> EXERCISE OBJECTIVE
Any pictures should be dropped; everything else in the records is to be returned exactly.
Segment Start: SUPPLIED MATERIAL
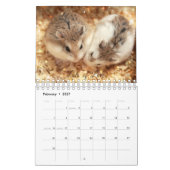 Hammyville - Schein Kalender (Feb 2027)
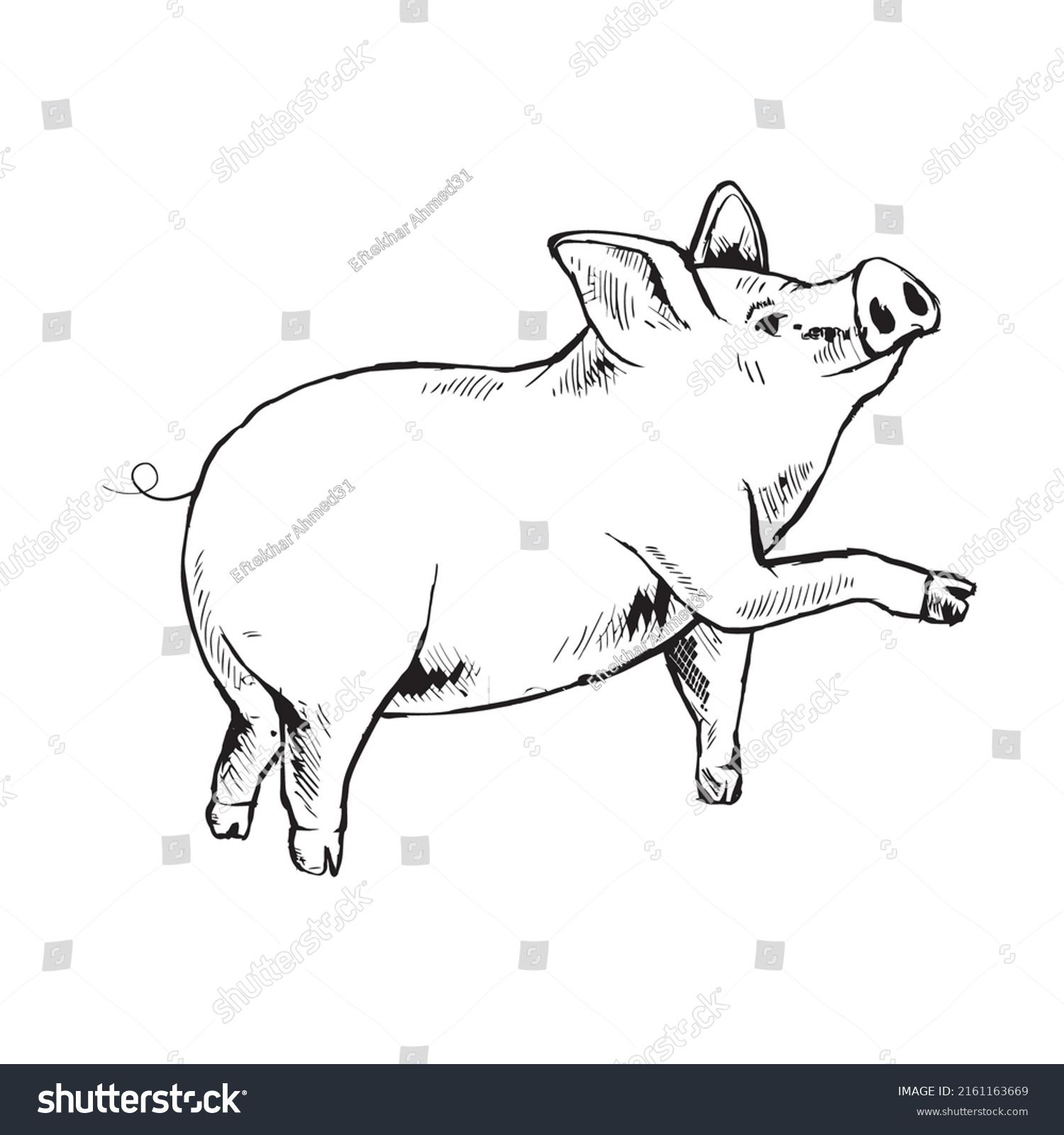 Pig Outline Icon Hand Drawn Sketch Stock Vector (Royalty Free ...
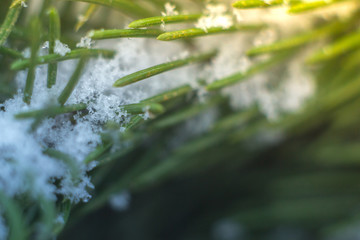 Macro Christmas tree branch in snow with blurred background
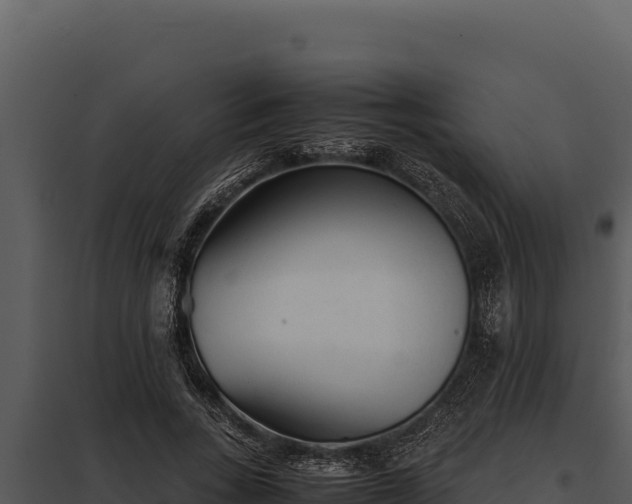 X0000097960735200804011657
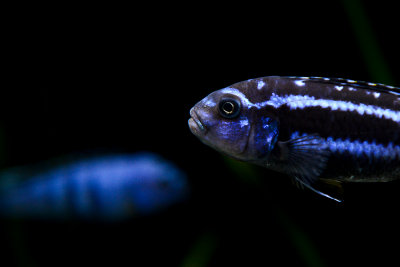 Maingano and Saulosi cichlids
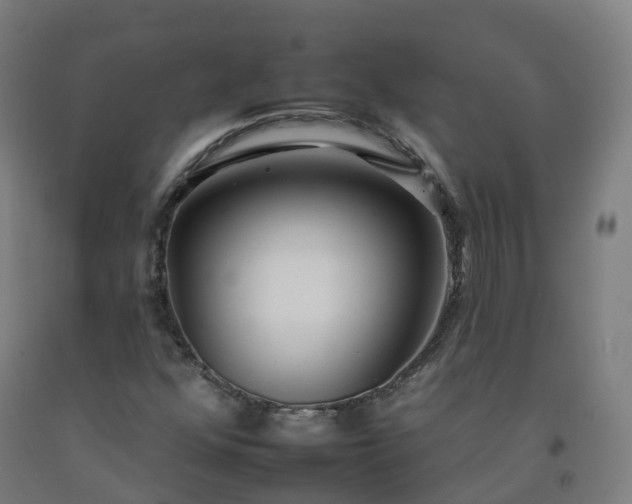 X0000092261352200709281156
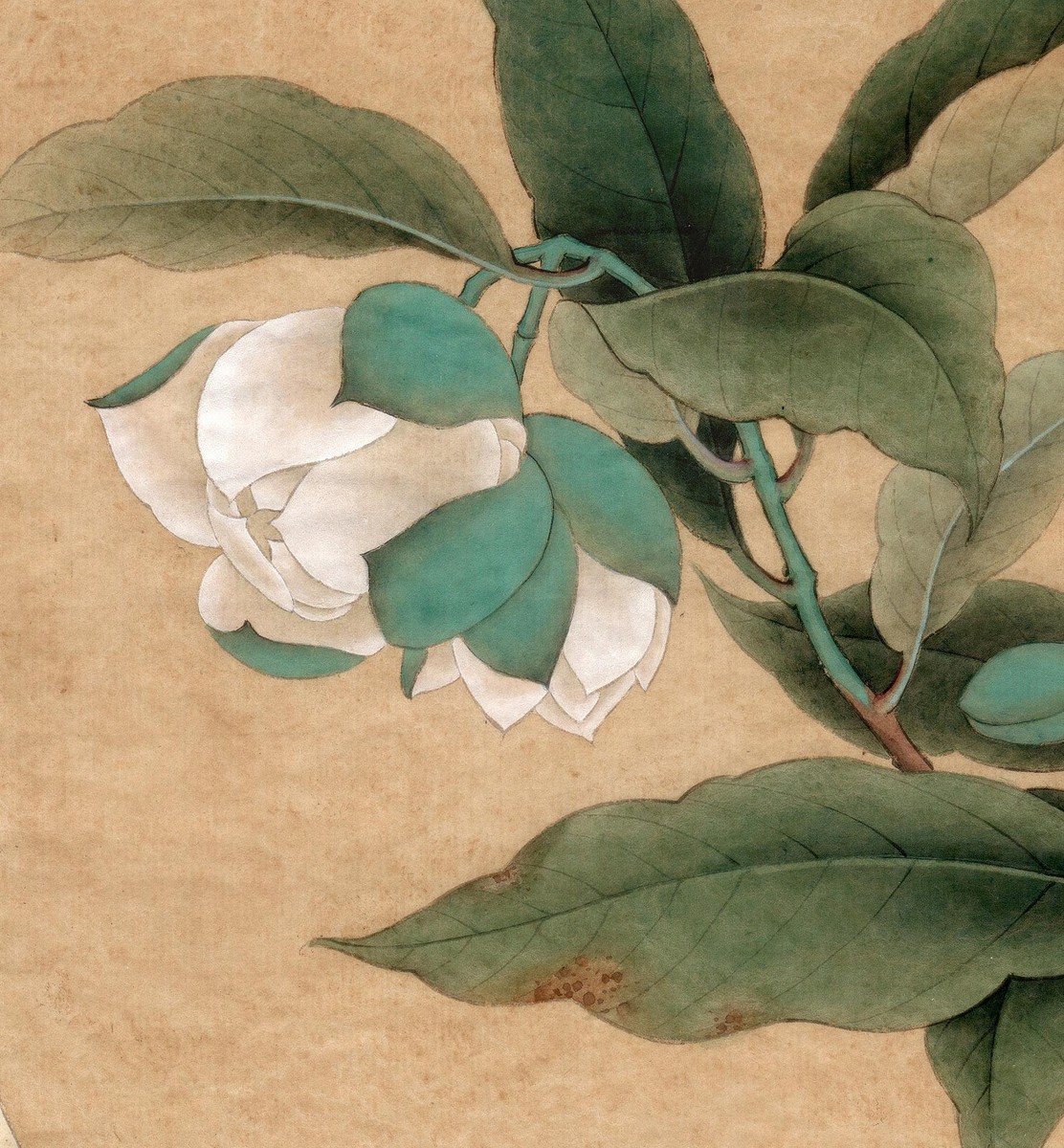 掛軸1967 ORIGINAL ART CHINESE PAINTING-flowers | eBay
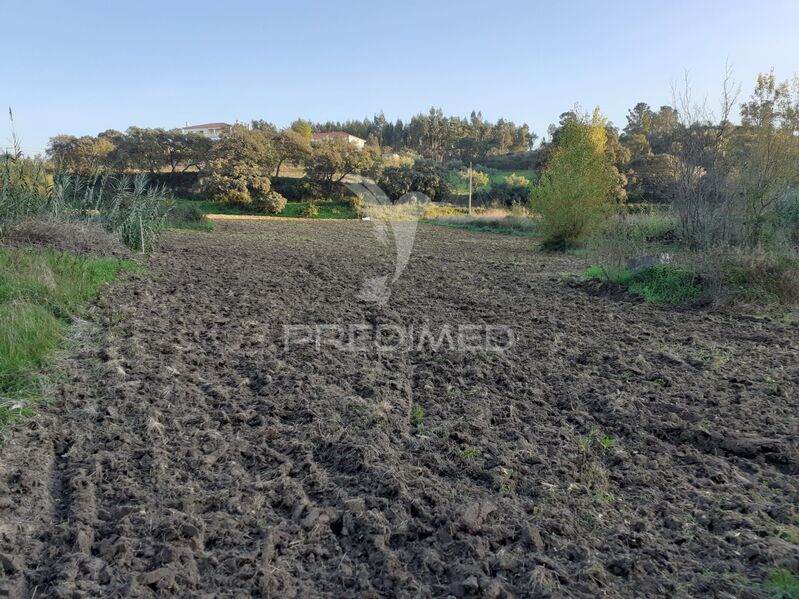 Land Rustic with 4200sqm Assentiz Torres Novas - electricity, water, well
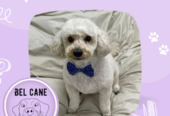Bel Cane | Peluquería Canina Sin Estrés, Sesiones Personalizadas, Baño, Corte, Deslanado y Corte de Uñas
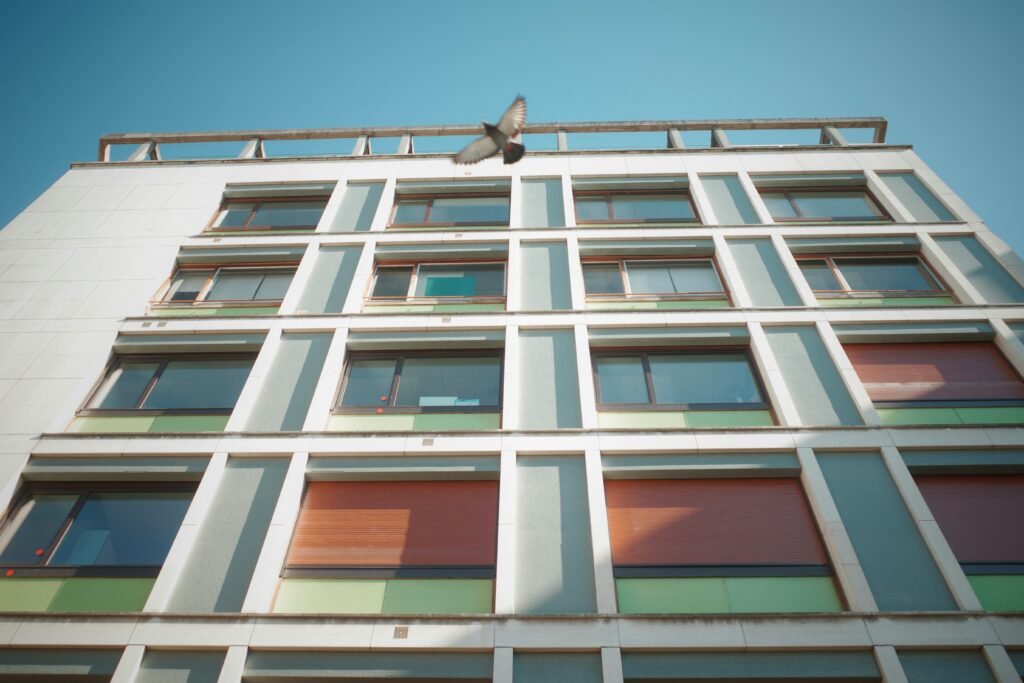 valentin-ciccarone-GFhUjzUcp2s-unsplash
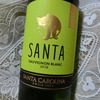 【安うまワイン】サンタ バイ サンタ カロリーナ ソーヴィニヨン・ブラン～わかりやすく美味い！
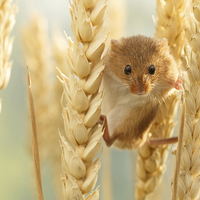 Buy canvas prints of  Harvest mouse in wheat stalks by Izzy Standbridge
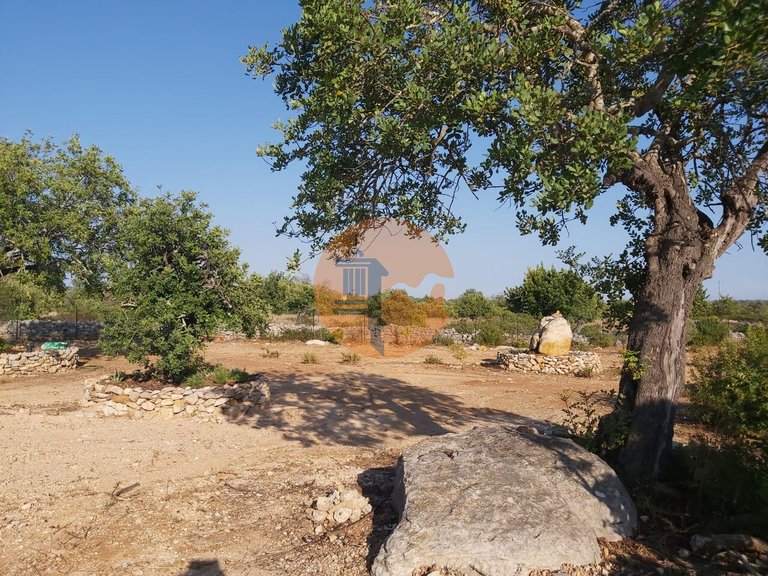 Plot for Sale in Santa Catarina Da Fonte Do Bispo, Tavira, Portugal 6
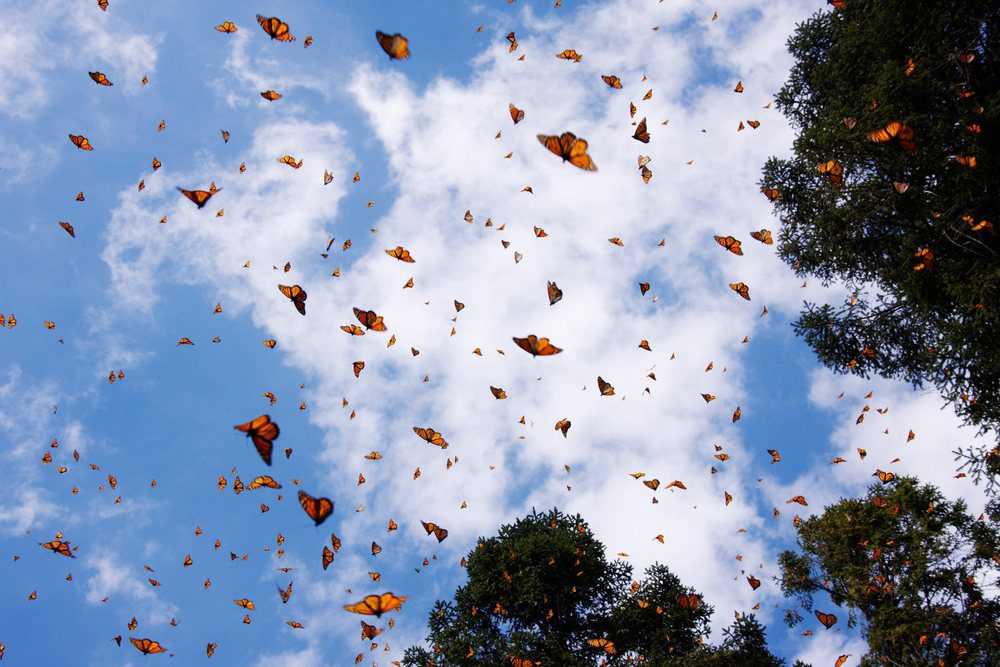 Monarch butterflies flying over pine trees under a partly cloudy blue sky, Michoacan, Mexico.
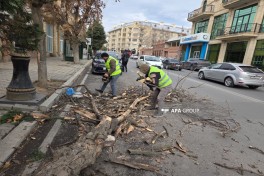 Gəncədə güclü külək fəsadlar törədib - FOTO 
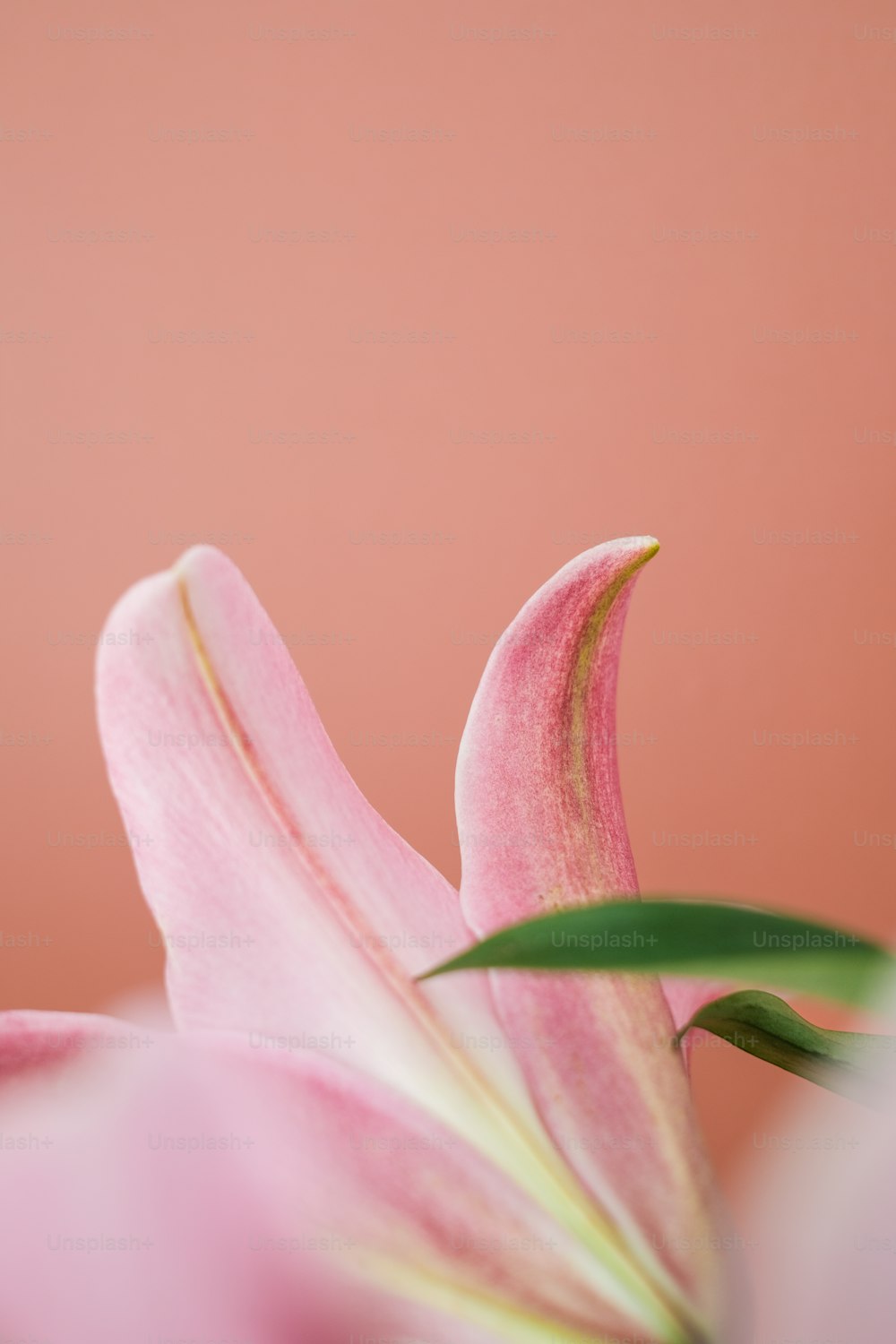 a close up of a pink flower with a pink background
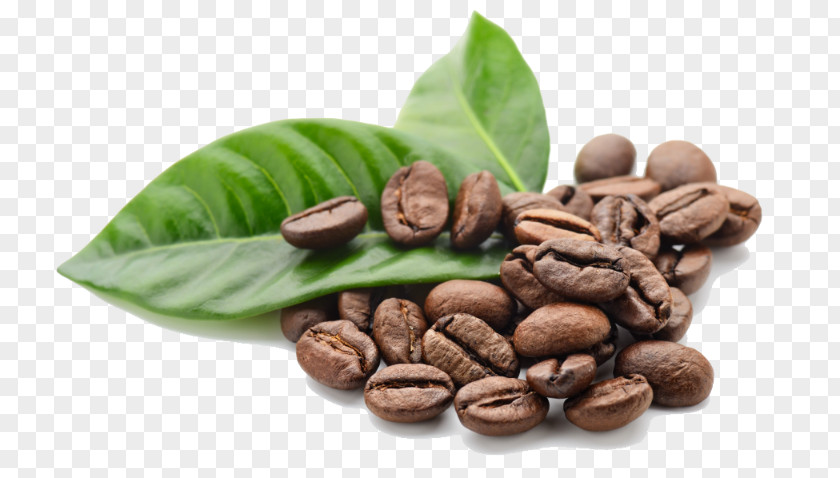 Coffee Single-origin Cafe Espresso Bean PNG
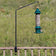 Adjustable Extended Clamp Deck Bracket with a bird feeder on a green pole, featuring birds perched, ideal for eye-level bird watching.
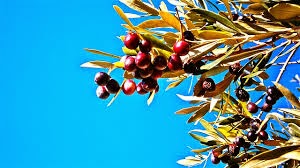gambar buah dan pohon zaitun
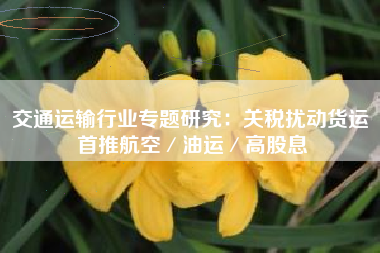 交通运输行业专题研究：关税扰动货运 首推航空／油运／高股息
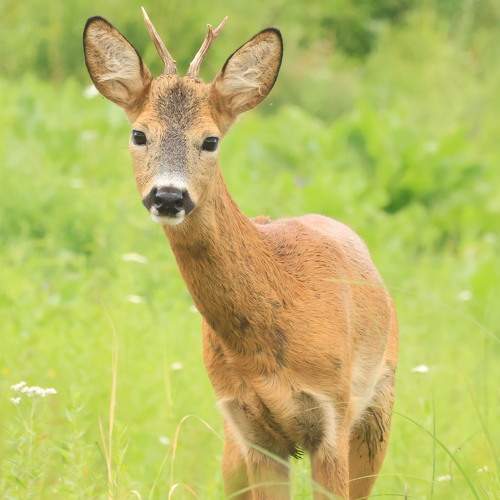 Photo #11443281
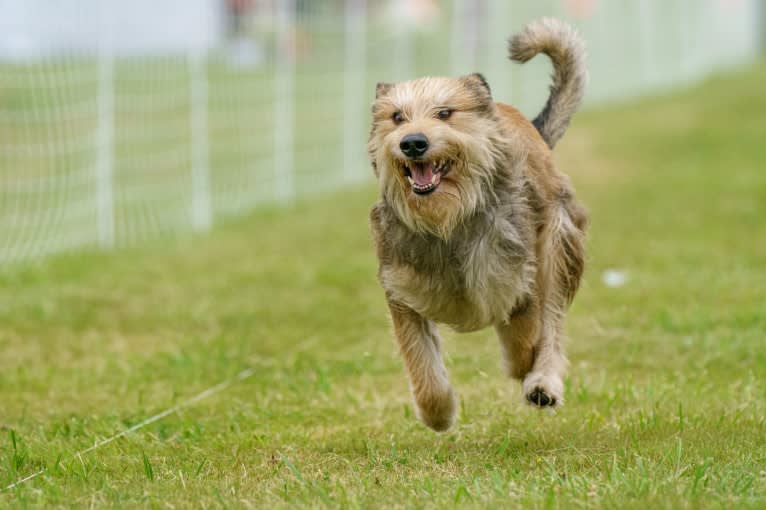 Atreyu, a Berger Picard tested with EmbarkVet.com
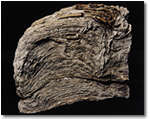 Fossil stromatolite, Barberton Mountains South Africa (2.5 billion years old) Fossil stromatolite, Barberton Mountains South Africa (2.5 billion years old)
Segment End: SUPPLIED MATERIAL
> EXERCISE SOLUTION
 Hammyville - Schein Kalender (Feb 2027)
 Pig Outline Icon Hand Drawn Sketch Stock Vector (Royalty Free ...
 Macro Christmas tree branch in snow with blurred background
 X0000097960735200804011657
 Maingano and Saulosi cichlids
 X0000092261352200709281156
 掛軸1967 ORIGINAL ART CHINESE PAINTING-flowers | eBay
 Land Rustic with 4200sqm Assentiz Torres Novas - electricity, water, well
Bel Cane | Peluquería Canina Sin Estrés, Sesiones Personalizadas, Baño, Corte, Deslanado y Corte de Uñas
 valentin-ciccarone-GFhUjzUcp2s-unsplash
 【安うまワイン】サンタ バイ サンタ カロリーナ ソーヴィニヨン・ブラン～わかりやすく美味い！
 Buy canvas prints of  Harvest mouse in wheat stalks by Izzy Standbridge
 Plot for Sale in Santa Catarina Da Fonte Do Bispo, Tavira, Portugal 6
 Monarch butterflies flying over pine trees under a partly cloudy blue sky, Michoacan, Mexico.
 Gəncədə güclü külək fəsadlar törədib - FOTO 
 a close up of a pink flower with a pink background
 Coffee Single-origin Cafe Espresso Bean PNG
 Adjustable Extended Clamp Deck Bracket with a bird feeder on a green pole, featuring birds perched, ideal for eye-level bird watching.
gambar buah dan pohon zaitun
 交通运输行业专题研究：关税扰动货运 首推航空／油运／高股息
 Photo #11443281
 Atreyu, a Berger Picard tested with EmbarkVet.com
 Fossil stromatolite, Barberton Mountains South Africa (2.5 billion years old) Fossil stromatolite, Barberton Mountains South Africa (2.5 billion years old)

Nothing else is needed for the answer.